I guess I should have and put a disclaimer on it. When I bought it, it was
around $275. If you have to buy one book and you can spare the change, this is
the one. But some of the others will get you going faster.

It depends on what you want to do, This book is deeply focused and considered
an academic text, many teach from it. Once the subject matter in this book is
mastered you will be a HF professional for sure, but some of the other books
can get you up and running faster.

At some point you should consider this book for your bookshelf but it is not a
beginners book that is another reason I was hesitant to recommend it.

------
diggum
Check out Smashing Magazine <http://www.smashingmagazine.com/>

Their posts are usually really informative and provide a lot of jumping off
points and design analysis.

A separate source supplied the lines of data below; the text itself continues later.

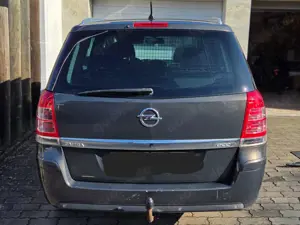 Opel Zafira Zafira 1.7 CDTI ecoFLEX Family Plus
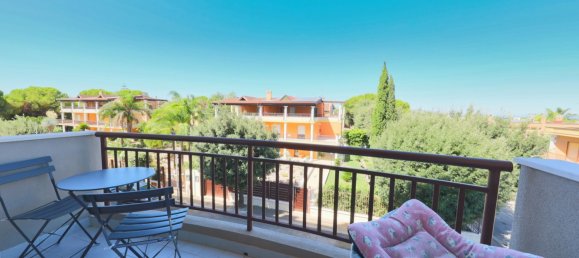 3 rooms Apartment in Taranto, Italy No. 275710 19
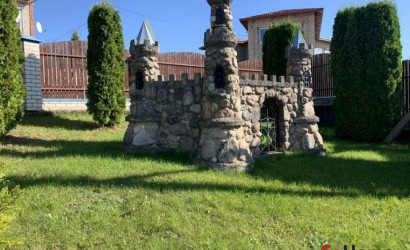 Купить дом, Октябрьская, Васильковая, 17 соток. Фото 13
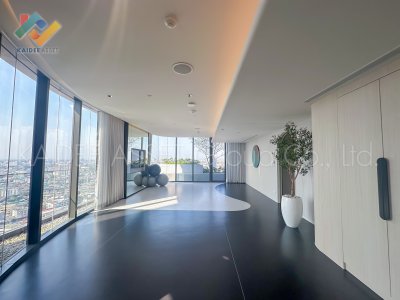 เรฟเฟอเรนซ์ สาทร - วงเวียนใหญ่ Reference Sathorn Wongwianyai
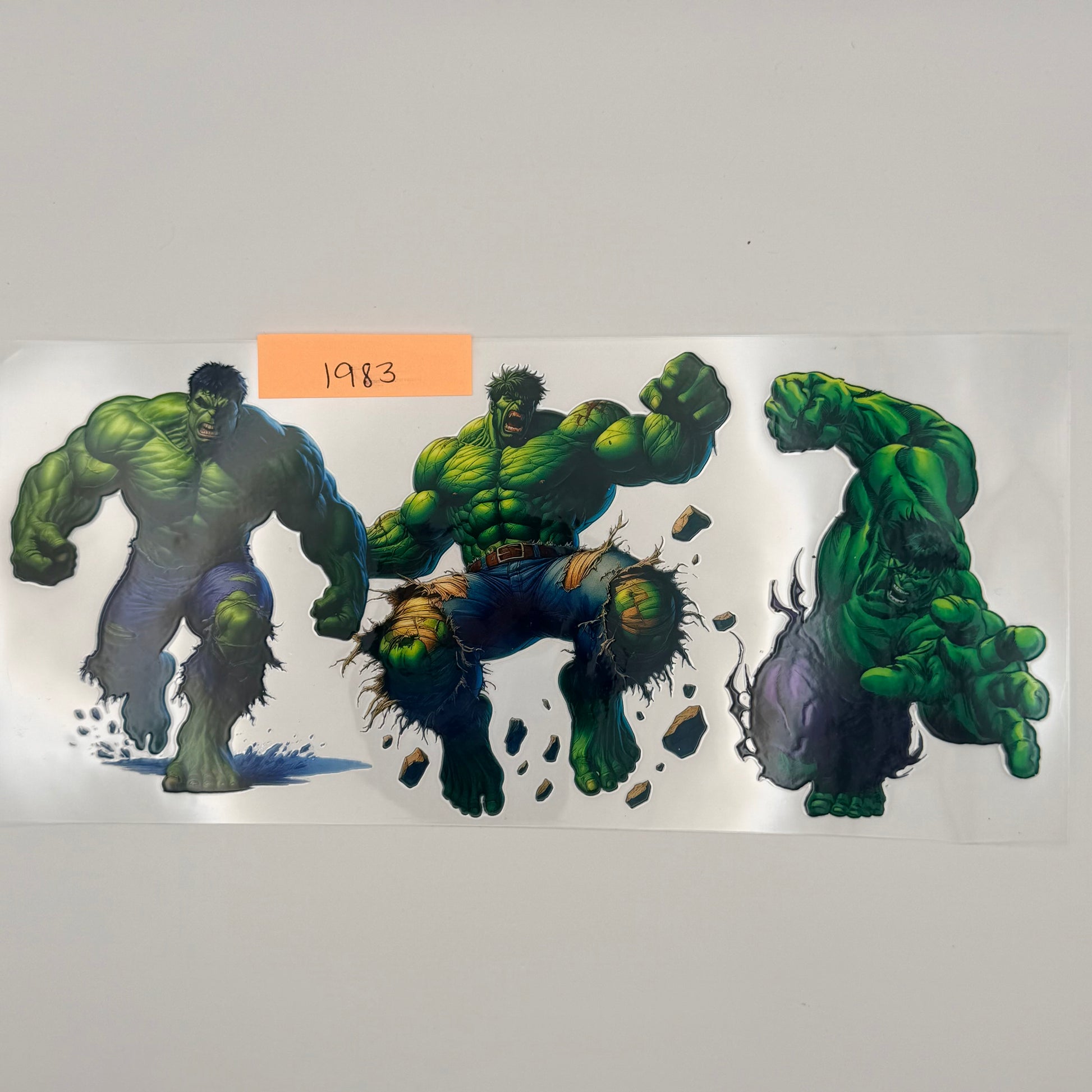 hulk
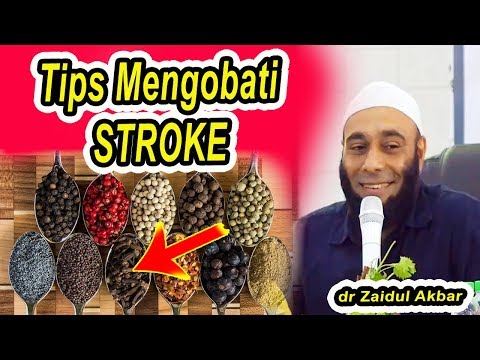 Resep Jsr Stroke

They have a book out as well that I've only
thumbed through a bit, but looked really well done.

------
GFischer
I like Luke Wroblewski's advice a lot (<http://www.lukew.com/> plus his two
books on form design and web usability)

I have to worry about form design mostly, so two links I liked were

<http://www.uie.com/articles/web_forms/> and
[http://www.uxmatters.com/mt/archives/2006/07/label-
placement...](http://www.uxmatters.com/mt/archives/2006/07/label-placement-in-
forms.php)

I also stole some ideas from here:
<http://developer.fellowshipone.com/patterns/>

Those are the ones I've read and somewhat followed.

I also bookmarked this framework to try out: <http://gantry-framework.org/>

There are also several eyetracking services (some provided by Ycombinator
companies I believe) - I'd love to have eyetracking studies on the company
website, but the current management doesn't mind that it looks like crap since
it will be outsourced anyways.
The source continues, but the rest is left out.